It’s not about nostalgia. No one wants to spend an hour-and-a-half crawling in rush hour traffic from Stanstead Road to Waterloo Station if they can help it. I spent a significant chunk of my youth and adolescent in my grandmother’s flat on Faversham Road, Catford. Her life was shaped around the 171 time table. The train was out of the question, in price and discomfort for an elderly, arthritic woman. My aunt, who I was also lived with, had a grim period using the service to get to a locum job at Camden Council. The commute was harrowing, but doable – just.
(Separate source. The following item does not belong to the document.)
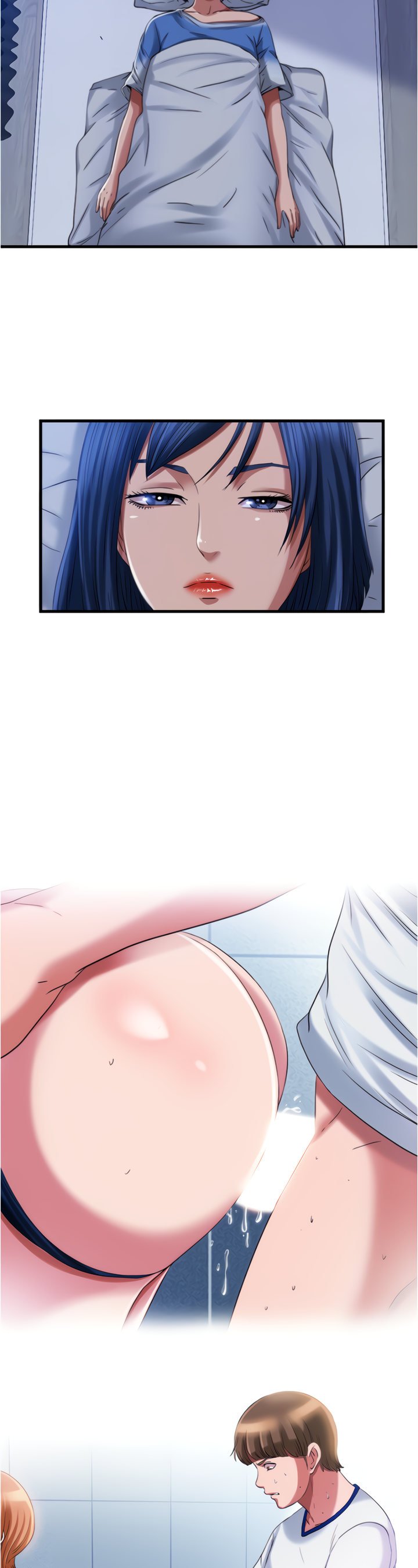 Water Overflow - Chapter 20 17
It’s the people just about managing that will be losing out. The response to the news has been instructive in several ways. There’s few things quite as effective as transport to highlight the fractures of class and clarify people's attitudes to those they perceive as beneath them in the immutable order of things. There was a tweet doing the rounds when the cutbacks were announced last week. The poster just didn’t see the problem: “The 53, ram packed, day or night, all the way from SE London to Whitehall is honestly the stuff of nightmares! Get a bloody train to Charing Cross, or change at London Bridge. Much more civilised”.

In it’s stunning tone deafness and lack of awareness, it stands as the microblogged equivalent to Thatcher’s grim 1986 dictum about any man “beyond the age of 26, (who) finds himself on a bus can count himself a failure”.

If there’s any failure here, it is surely a city that is prepared to cut its lower income inhabitants off.